Matt, welcome to the podcast. I wanted to start by asking you a little bit about where the metaverse is heading, because funding and media and public interest in the metaverse have really exploded over the past year. And some listeners might be thinking, are Web31 and the metaverse really going to change business models, interpersonal relationships, and identity in the ways that you’ve described in some of your writings, or is this really just gaming 2.0?
Matt Ball: The raw technology required to produce what we would understand to be some sort of simulacrum of the metaverse—which is to say it passes a critical threshold of visual fidelity, of functionality, of the number of people who can participate—we recognize that as having changed over the past few years, and that’s a matter of broadband penetration, of latency, and of graphics processing units (GPUs).
On top of that, we see a number of different cultural events that are shown through behaviors in commerce and time. You go back seven years, and very little money was spent on in-game virtual goods—roughly about $5 billion in 2015. Last year, putting aside NFTs, we had about $60 billion or $70 billion spent on purely cosmetic, nonfunctional virtual goods. Fortnite has sold, in each of the past four years, more in virtual apparel than some luxury brands. Those are new cultural moments. We’re also seeing more recently an influx of traditional brands, including many of the biggest, most sacred brands, investing in these virtual spaces. And we’ve also seen a very large destigmatization of time spent in virtual worlds.
What does this mean collectively? It means that this idea that we’ve thought of for decades is now a little bit more tangible, even if in the virtual sense. There are hundreds of millions of people connecting to these environments every day. There are many of the most storied companies on earth building a presence, and we have commerce in the tens and soon to be hundreds of billions of dollars.
Mina Alaghband: As you look forward over the next 12 to 24 months, what are you expecting to see that will confirm to you that this isn’t sort of a hype cycle and that this is really a shift of the economy into the metaverse?
Matt Ball: We’re really going to see two waves. The first is that we’re going to see more brands, more investment, more M&A, and more users in all things 3-D and real-time rendered. These are all trends that have been going on for multiple decades, and there’s no reason to believe that time spent online, the number of smartphones in use, and the criticality of digital to our economy are going to reverse.

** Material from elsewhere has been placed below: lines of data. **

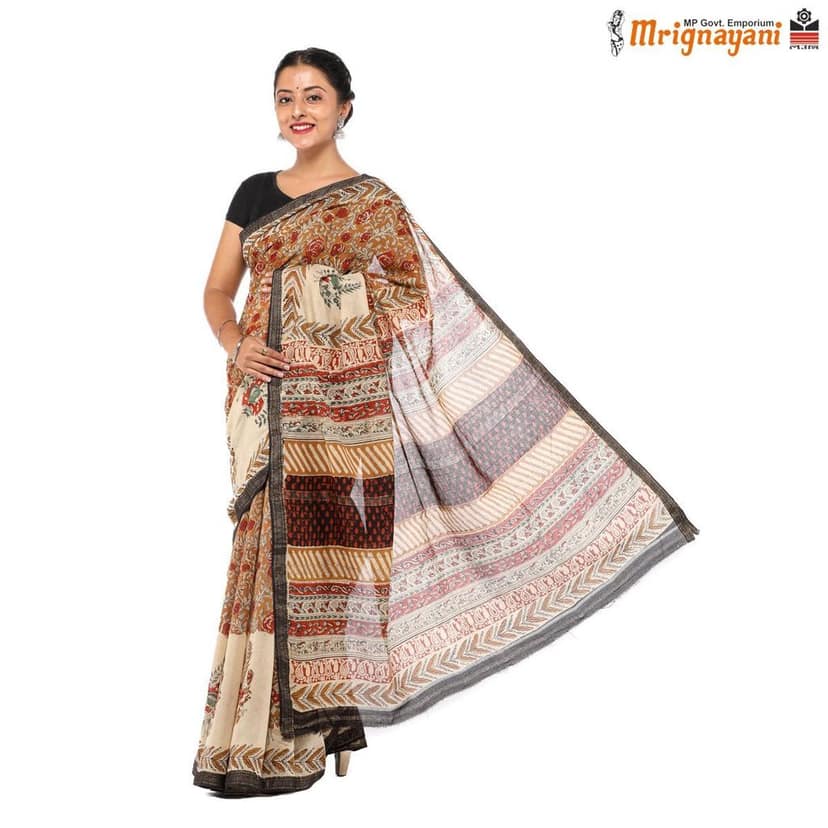 HANDLOOM MAHESHWARI SILK SAREE WITH BLOUSE (SKU - 3N0104050422, SAREE - 1274) view 3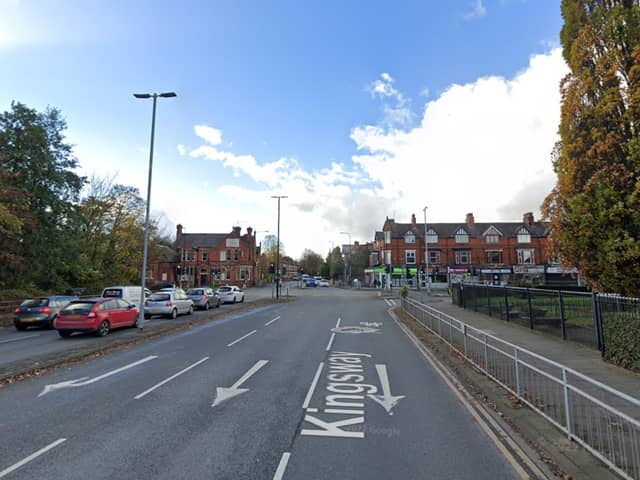 The junction of Kingsway and Barton Road in Stretford 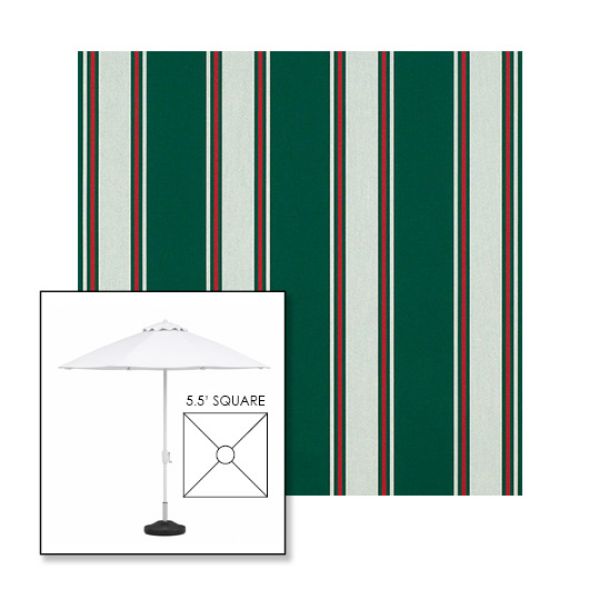 Picture of Forest Green Fancy | 5.5' Fiberglass Market Umbrella Sunbrella® Awning Fabric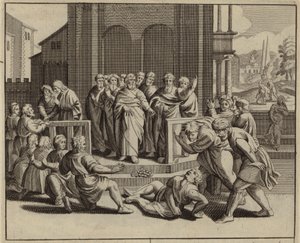 アナニアは聖霊に嘘をついた後、死にました（彫刻） 作： European School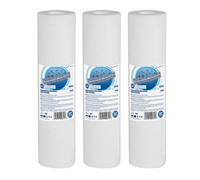 Lot de 3 cartouche de filtres pour sédiments - 5 Micron - En polypropylène soufflé - 25,4 x 6,3 cm - Absorption du sable, du silt, de la rouille et des particules en suspension de l'eau potable froide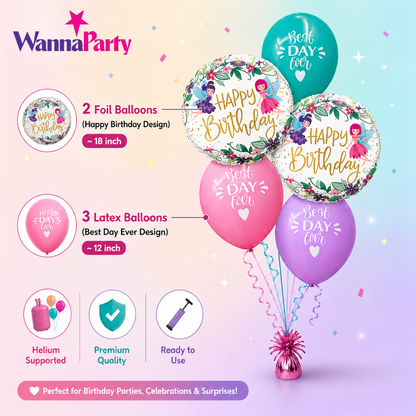 Best Day Ever Happy Birthday Balloon - 5PC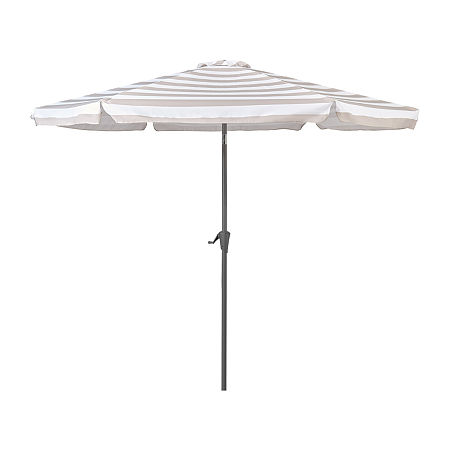 Round Patio Tilt Umbrella, One Size, Beige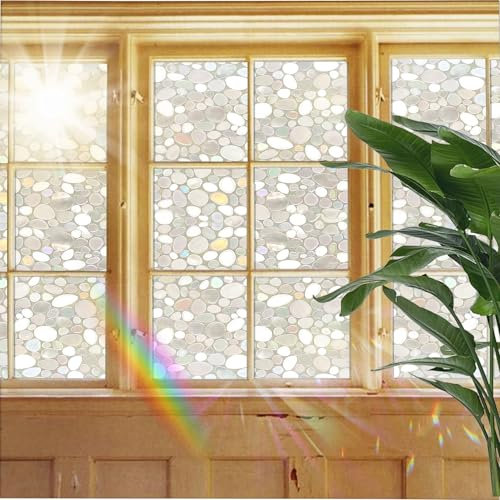 Milchglasfolie Statisch Haftend 50 x 210 cm, Privatsphäre, Lichtdurchlässig, Statisch Haftend Nicht Klebend, Isolierfolie, Selbstklebende Fensterfolie Blickdicht, Kopfsteinpflaster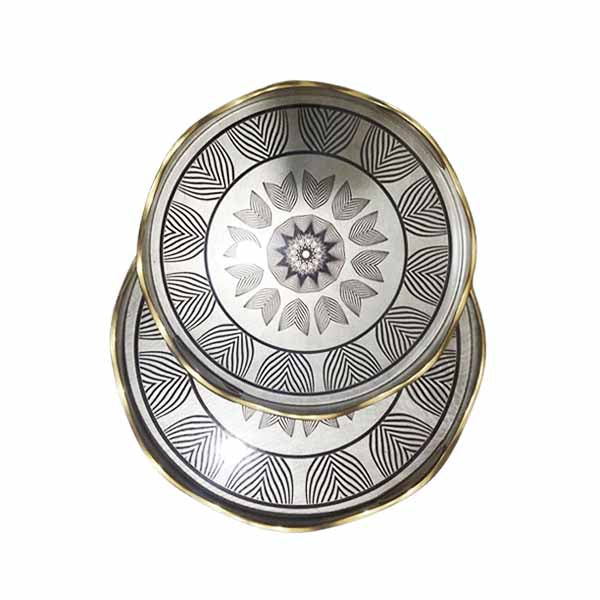 14123 Tray Set Wood + Glass 8c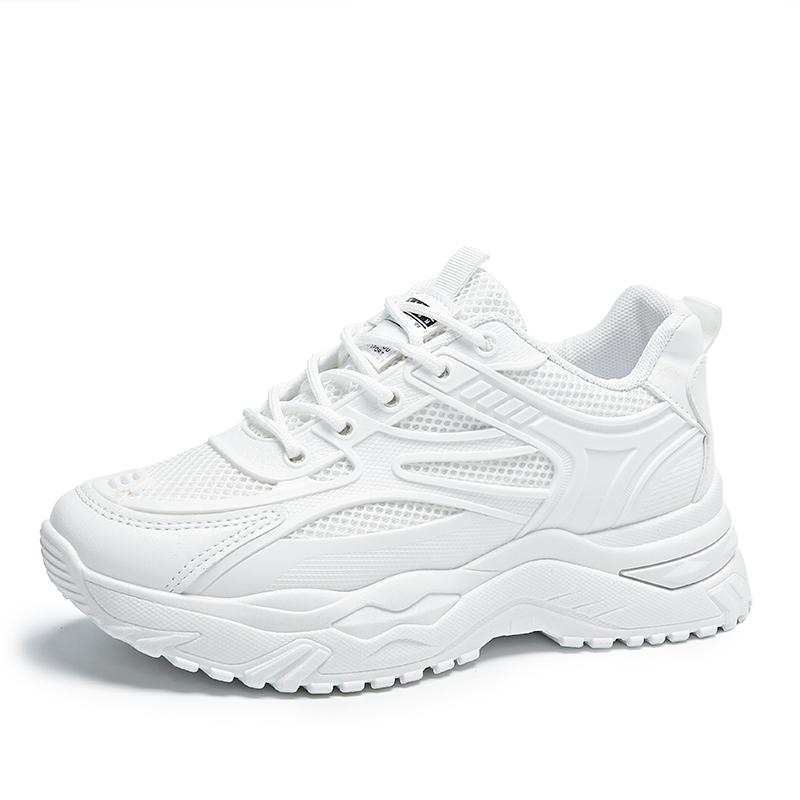 Tênis Branco Feminino Tênis Chunky de Couro Sapatos Esportivos Femininos Sapatos de Tênis Vulcanizados de Sola Grossa Sapatos de Plataforma Basket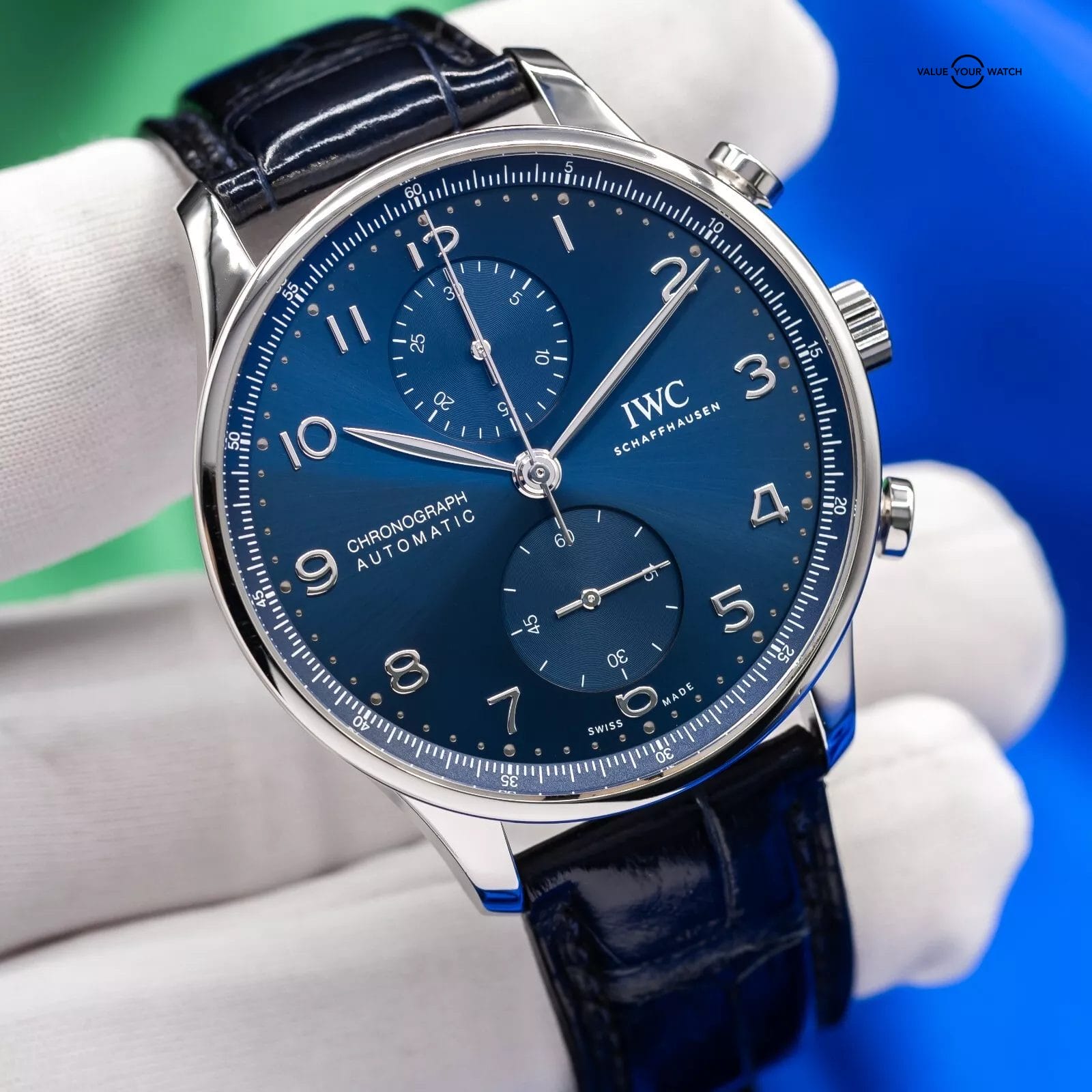 IWC Portugieser Chronograph Blue Dial Mens Watch Box & Papers IW371606 - Image 13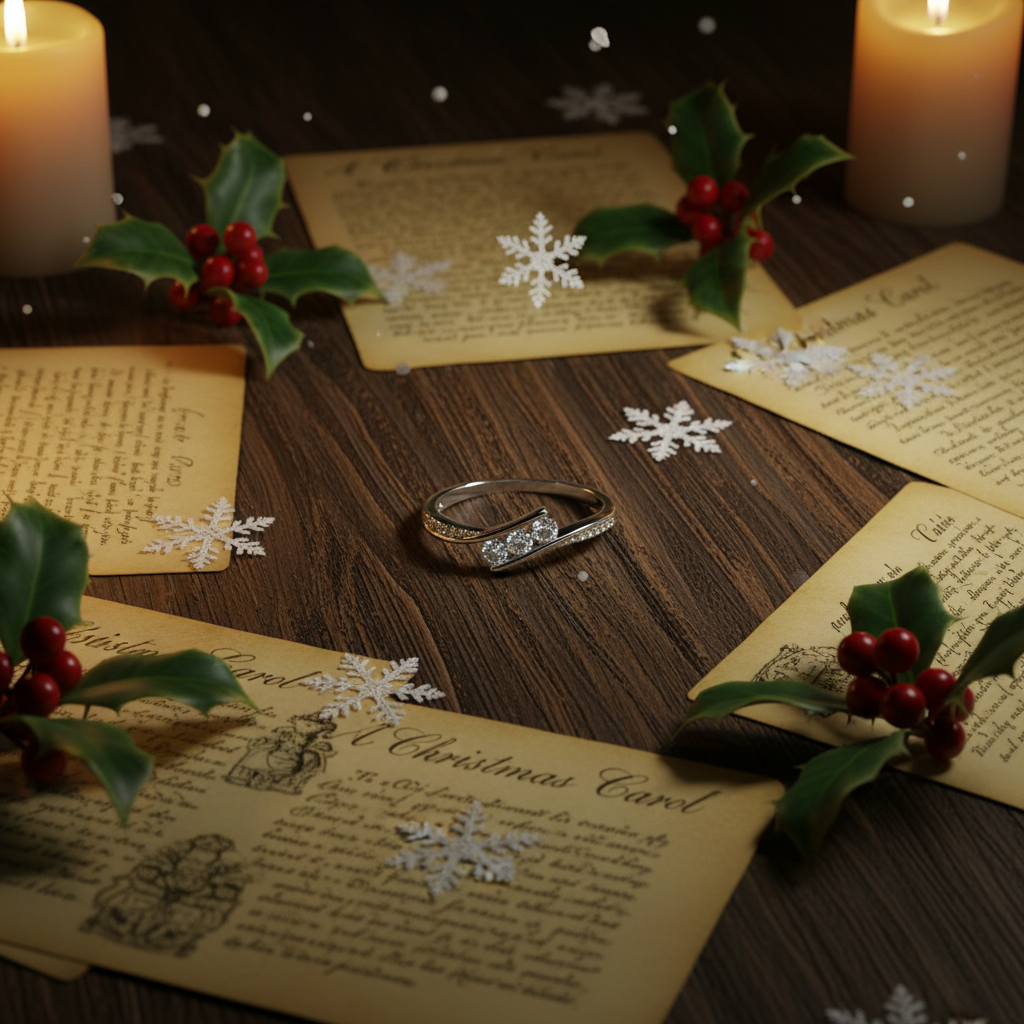 Christmas Carol Ring - Flat Lay
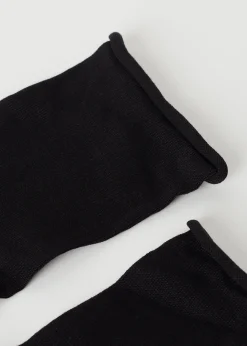 Short Lisle Socks With Raw Cut Cuffs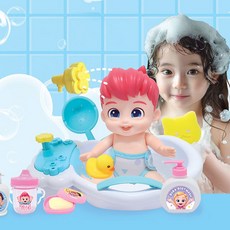 핑크퐁 베베핀 목욕놀이 세트 샤워기 욕조 완구, 1개, 혼합색상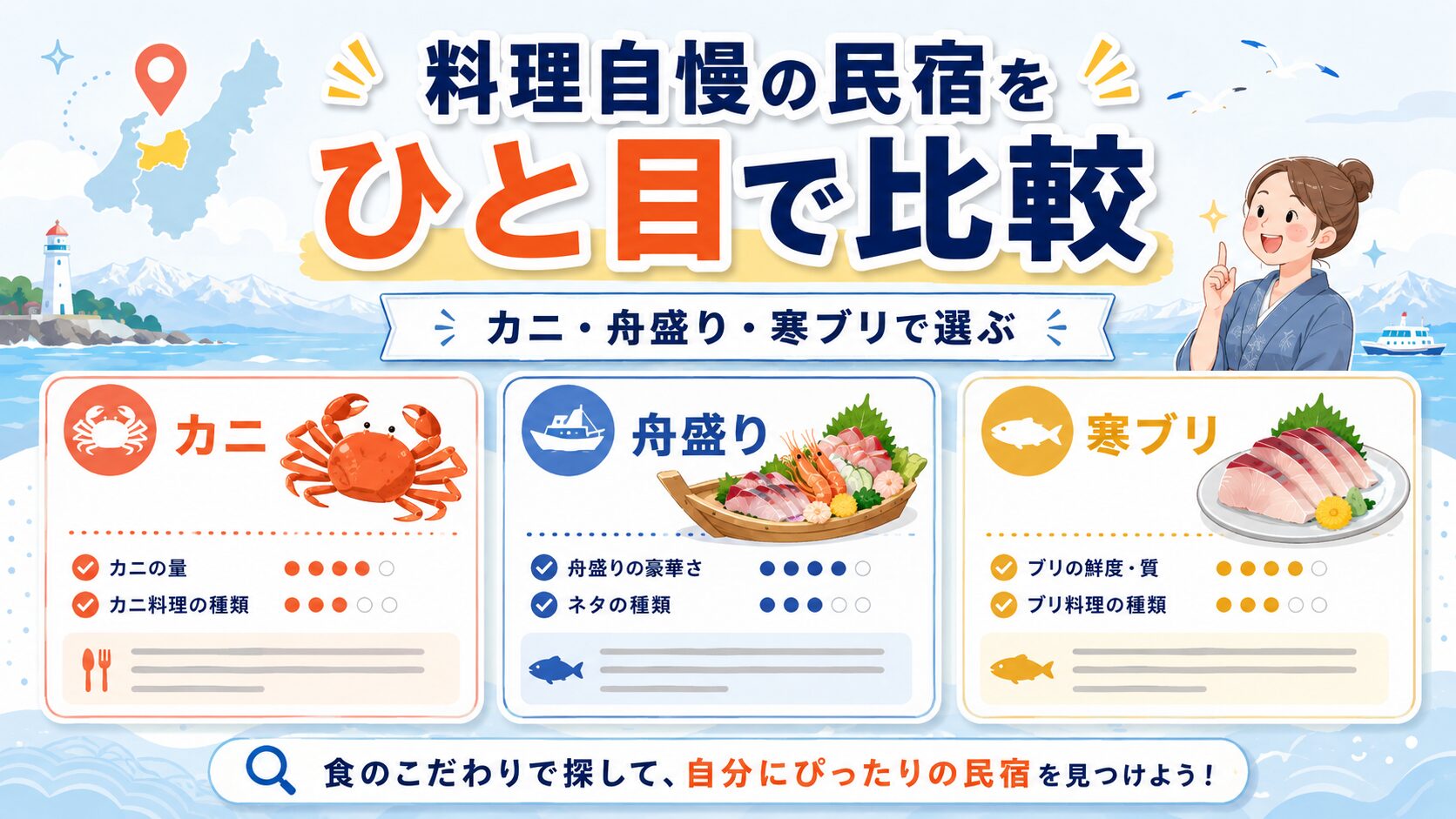 富山の食べきれないほど料理がすごい民宿を比較する図解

At the same time, we should expect some sort of backlash to the metaverse as a theme, as an investment case, and as a point of shareholder prioritization, because the narrative, at least in my perspective, has outstripped the products and the revenues that we see.
Companies of course need to be investing long before the revenue, the products, and the disruption are here. Never before have we so collectively said, “The metaverse is here; the products are here.” Bill Gates has said that he believes in the next two to three years that the majority of meetings will happen in the metaverse. The reality is that it’s going to take a decade or longer for that to happen. And so we’re going to have to go through that hump in the interim.